*Instructions to follow:*
Would you copy exactly the lines in the data below from the one that has "I hope you enjoy" through the one that has "Welcome to Final", dropping any pictures?

::::::::

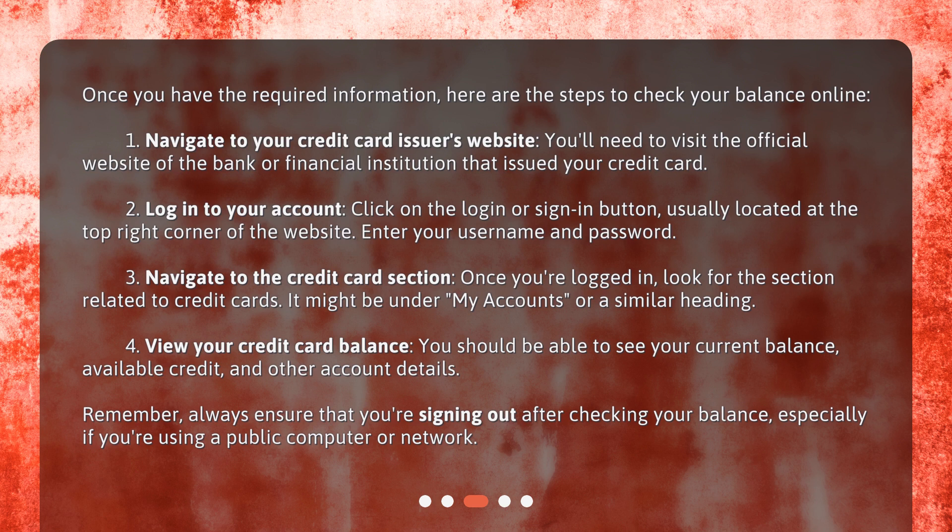3. Navigate to the credit card section. Once you're logged in, look for the section related to credit cards. It might be under 'My Accounts' or a similar heading. 4. View your credit card balance. You should be able to see your current balance, available credit, and other account details.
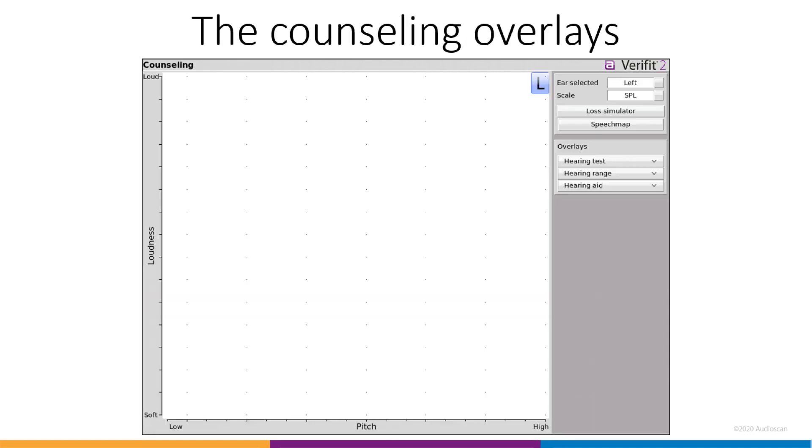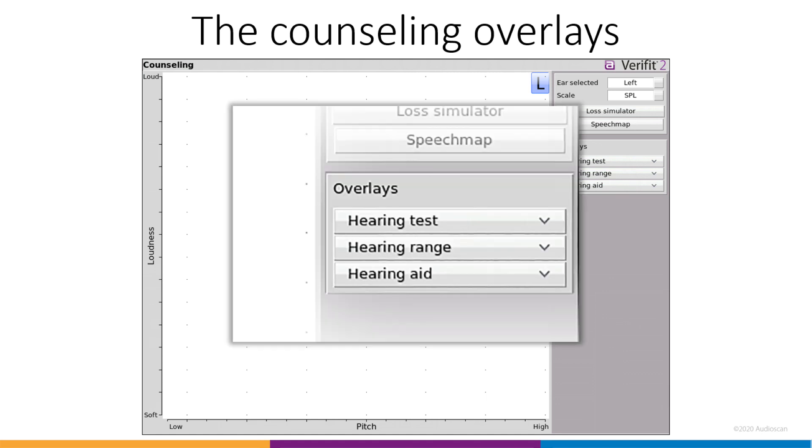The window opens to a blank graph. The hearing care practitioner is now able to turn on the elements that support their counseling protocol as desired. Each of these elements is considered a screen overlay, and the overlays are organized into three groups: hearing test, hearing range, and hearing aid.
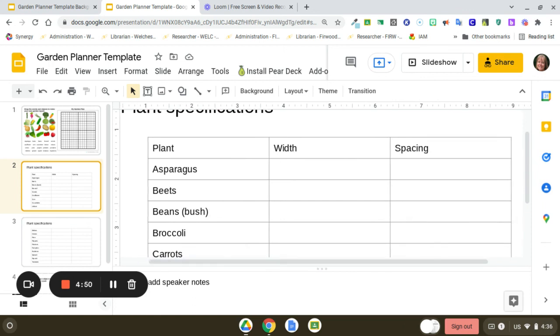I hope you enjoy making your own garden layout planner. I hope this explanation has helped and that you create something you can use over and over again. Thanks for watching.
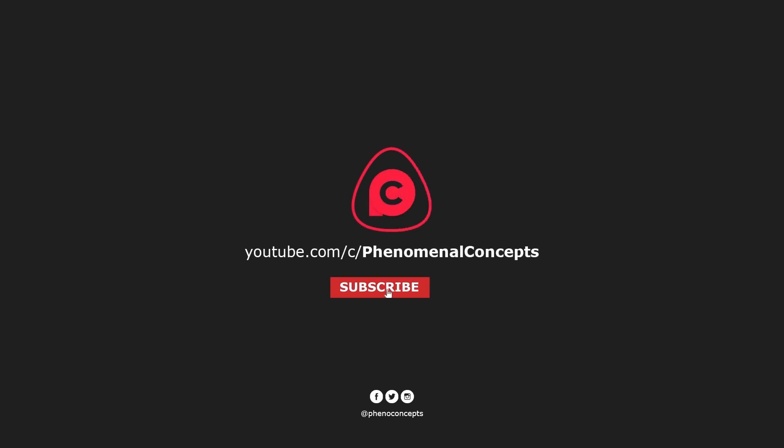Welcome to Final Concept. Click the subscribe button and hit the bell icon so you don't miss out on any of our future videos.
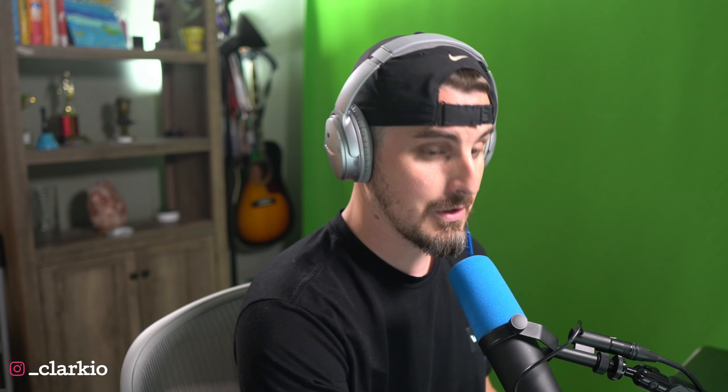If you're a developer who loves VS Code, keep watching because if you like theming VS Code or finding themes that fit your style that you want or creating your own, which is especially useful with this tool, you've got to check this out. It is called Theme Studio for VS Code.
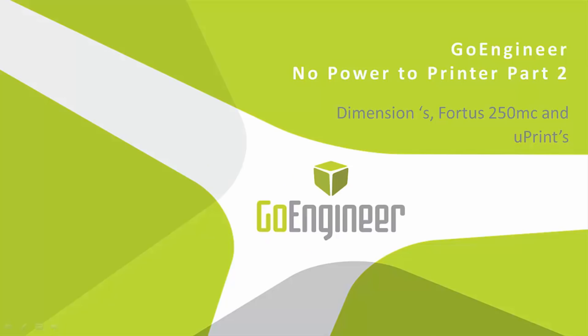Hi, I'm Steve Irwin, an application engineer supporting the Stratasys line of printers that we sell here at GoEngineer. Today I wanted to show you a diagnostic that you can use to understand why there is no power to your printer.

::::::::

*Solved exercise:*
I hope you enjoy making your own garden layout planner. I hope this explanation has helped and that you create something you can use over and over again. Thanks for watching.
Welcome to Final Concept. Click the subscribe button and hit the bell icon so you don't miss out on any of our future videos.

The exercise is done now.